25 Décembre 2022 , Rédigé par Les federateurs du reseau Bazar Publié dans #Fêtes ou Saisons

Avec cette crèche toute simple de Notre-Dame de la Croix , nous vous publions un récit très émouvant d'un Noël des années 50 .

A tous, nous vous souhaitons un Joyeux Noël.

Sachez que nous sommes avec vous, en cette belle journée par la pensée.

Notre Dame de la Croix Paris ( Photo Bernadette B)

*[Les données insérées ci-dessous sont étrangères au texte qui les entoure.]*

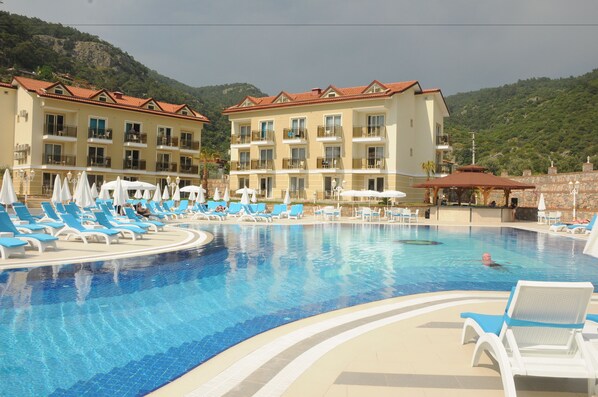 Seasonal outdoor pool, open 10:00 AM to 6:00 PM, pool umbrellas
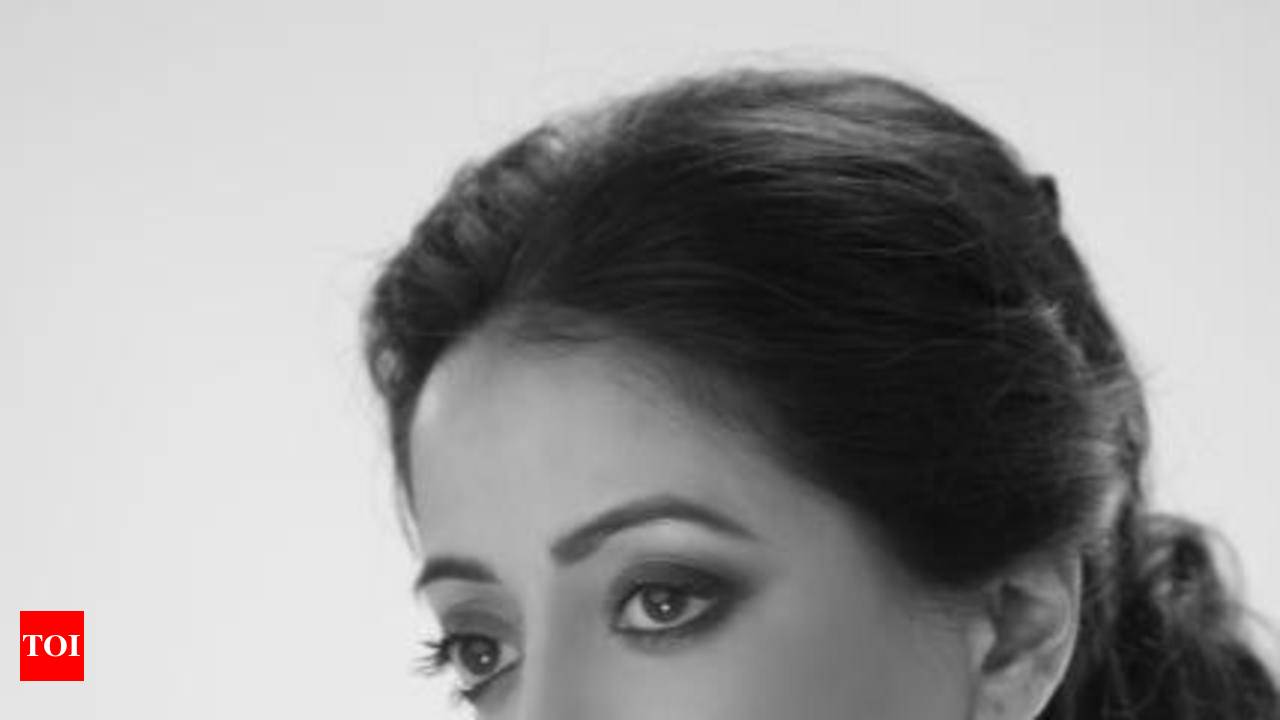 I feel the pain of the rape survivors of Bangladesh: Raima Sen | Bengali  Movie News - Times of India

Notre Dame de la Croix Paris ( Photo Bernadette B)

Récit d'Antoine Eminian.

Un Noël d’autrefois

Paris dans le milieu des années 1950. J’habite rue Richer avec mes parents et ma petite sœur, à équidistance des Folies-Bergères et de la grande Loge Maçonnique de France, rue Cadet, où ma mère fait son marché. Autant dire entre les plumes dans le fion et le compas dans l’œil, tout un programme ! Bref, passons…

Nous sommes en décembre, Noël approche;  mon cœur se réjouit, un sentiment qui perdurera toute ma vie, aujourd’hui encore à cette époque de l’année.

La Ville Lumière se pare de ses plus belles guirlandes lumineuses, les magasins se plaisent à se faire beaux, l’or, le rouge et le vert mettent l’unisson chromatique un peu partout.

Moi, j’ai déjà écrit ma lettre au Père Noël, adressée « Route du Ciel », seule adresse connue du vieux gars barbu.

Il a eu la délicatesse de me répondre, un mot court, écrit d’une grosse écriture au crayon de couleur gras. Pour le remercier, à l’approche de la nuit tant attendue, ma mère dispose sur la table de la cuisine, sous le vasistas d’où Papa Noël devrait entrer chez nous, une assiette de biscuits et un verre de vin rouge, un léger en-cas auquel il fera honneur, comme nous le constaterons le lendemain matin.  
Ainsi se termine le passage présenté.